The “COT” report is published by the Commodities Futures Trading Commission (CFTC) each week & tells us the positioning of all Traders holding Futures positions. Remember, with each future contract there is an equal & offsetting Long & Short position – It’s a zero sum game. You want to know who is taking the other side of your bet.
What you will find is that it pays to know who is buying and selling. Let's now take a in depth look at these reports and the respective participants.
The CFTC releases 3 reports weekly:
The Legacy Report - which breaks down participants between "Commercial Hedgers" and "Non Commercial Hedgers." Commercials are considered to include the Industry end users and producers along with Banks, while Non Commercials are considered to be Traders & Speculators, including Hedge Funds.
Legacy Report General Observations:
A - Commercials are considered the "Insiders" and most knowledgeable as to the fundamentals of their business.
B - Commercials sell strength and buy weakness.
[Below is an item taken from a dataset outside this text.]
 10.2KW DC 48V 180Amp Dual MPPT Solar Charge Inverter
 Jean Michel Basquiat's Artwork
C - Non Commercials are considered to be trend followers that buy strength and sell weakness.
D - Commercials, Including the Investment Banks, can carry extreme positions and be wrong for months or years. They have very deep pockets, are in bed with regulators and politicians, and always have the FED to bail them out at taxpayers expense. So don't ever think you have them "cornered" or "trapped". They can and will outlast you in any war of attrition, so this is not something we want to engage in.
E - This report has data going back to the early 90's, so we have a much larger set of data for our analytics, compared to the Disaggregated + Traders in Financial Futures CFTC reports, which they began publishing in 2006.
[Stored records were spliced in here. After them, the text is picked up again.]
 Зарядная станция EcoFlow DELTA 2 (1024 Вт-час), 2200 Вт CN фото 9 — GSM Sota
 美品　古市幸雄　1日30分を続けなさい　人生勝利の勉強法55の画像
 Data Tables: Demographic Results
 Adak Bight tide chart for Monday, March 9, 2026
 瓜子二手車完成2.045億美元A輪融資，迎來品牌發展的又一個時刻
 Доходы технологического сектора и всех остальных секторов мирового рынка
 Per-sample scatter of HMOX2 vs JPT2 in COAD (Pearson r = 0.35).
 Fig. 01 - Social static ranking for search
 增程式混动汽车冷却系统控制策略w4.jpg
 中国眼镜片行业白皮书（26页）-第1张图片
F - The reports are released on Fridays, with data being updated as of the prior Tuesday's close. While this does represent a 3 day delay, this information is still extremely valuable as changing of position, or establishing a extreme position, is typically done over a period of weeks and/or months. The reports allow us to track the footprints of the elephants in the room.
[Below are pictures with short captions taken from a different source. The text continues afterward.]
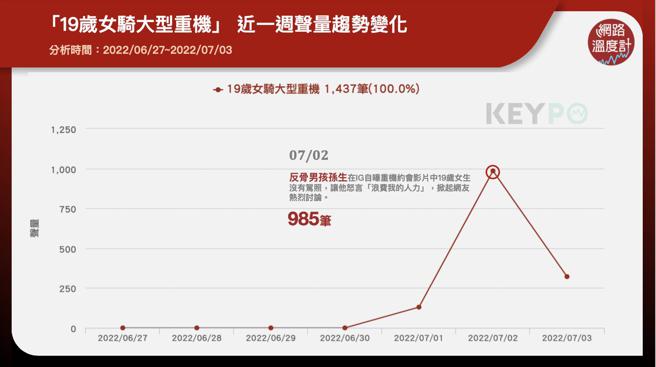 image source:《KEYPO大数据关键引擎》舆情分析系统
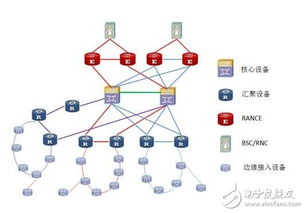 傳送網技術發展探討 網絡技術開發的新篇章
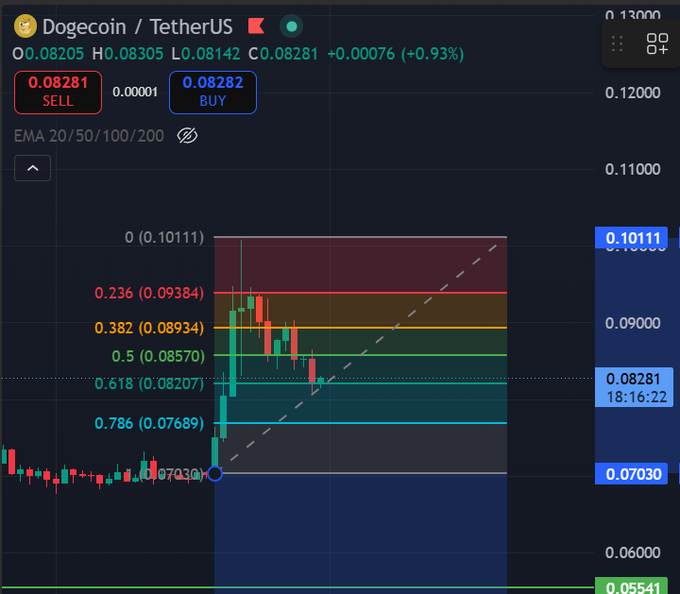 A trading chart for Dogecoin/TetherUS (DOGEUSDT) displaying Fibonacci retracement levels and a current price of 0.08281.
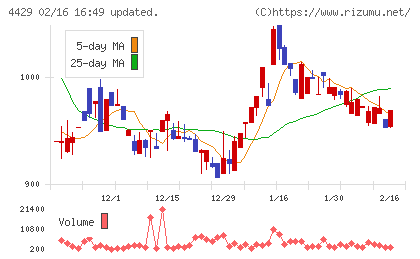 リックソフトチャート
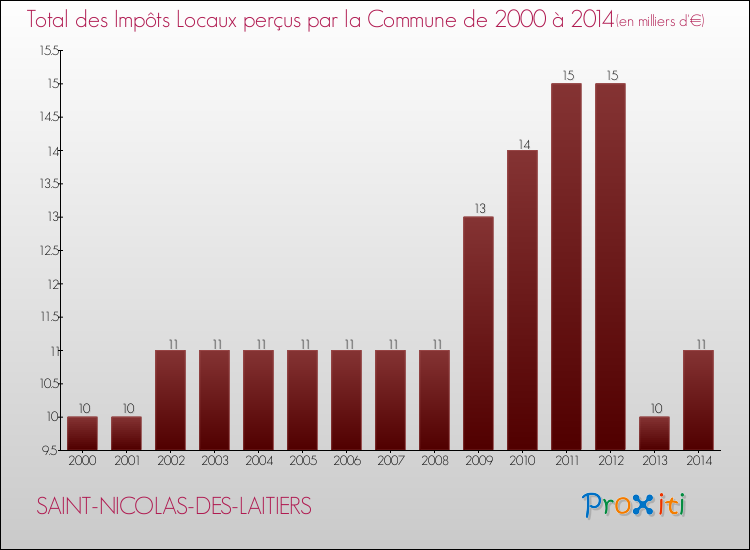 Evolution des Impôts Locaux pour la commune de SAINT-NICOLAS-DES-LAITIERS de 2000 à 2014 Evolution des Impôts Locaux pour SAINT-NICOLAS-DES-LAITIERS de 2000 à 2014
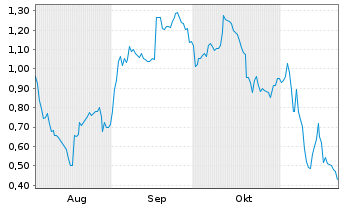 Chart Mini Future Short Hensoldt - 6 Monate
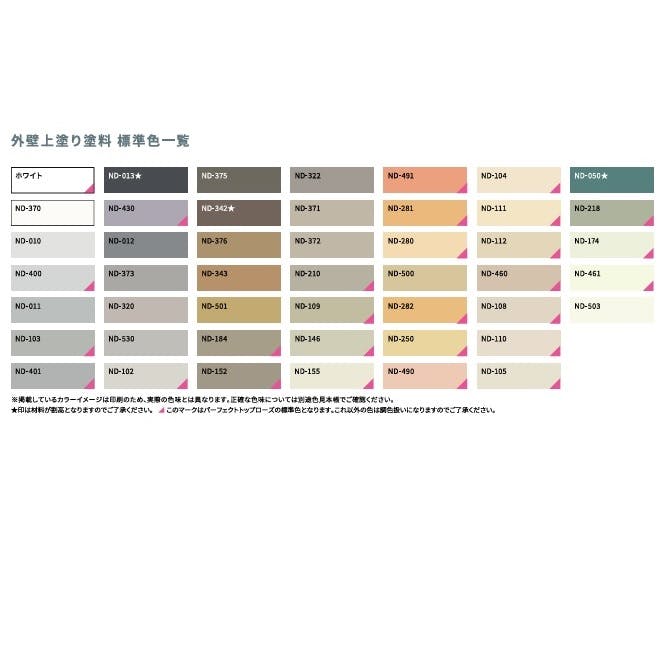 日本ペイト 水性ケンエース（艶消） ブラック(原色) 4Kg 外壁 | ペンキ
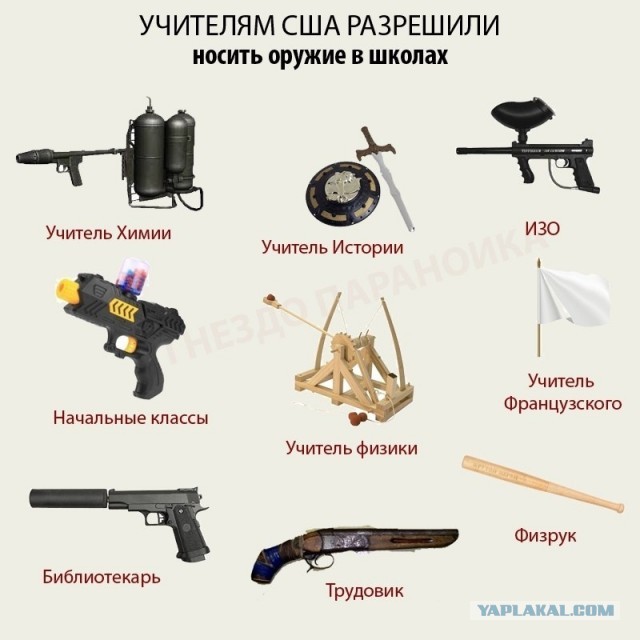 Древнейшие баяны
The Disaggregated Report - The CFTC started publishing this in 2006 in an effort to increase transparency by segregating traders into 4 categories.
1) Producer/Merchant Category – These are Commercial Traders who deal in the cash market and use Futures to offset their risk. If you are in the business of producing a commodity, such as farming or a mining firm, you are going to want to know what price you’ll be selling your product at. This group will “sell forward” their production, knowing what their costs are, as well as the sale price; essentially locking in their profit (or minimizing loss). Simple enough.
If you are in a business that requires consumption of a commodity on a large scale such as a food processor, airline, or oil refinery, then you are potentially exposed to rising input costs and want to minimize that risk to your business -Therefore you will go Long Futures (buy the commodity) and lock in the price.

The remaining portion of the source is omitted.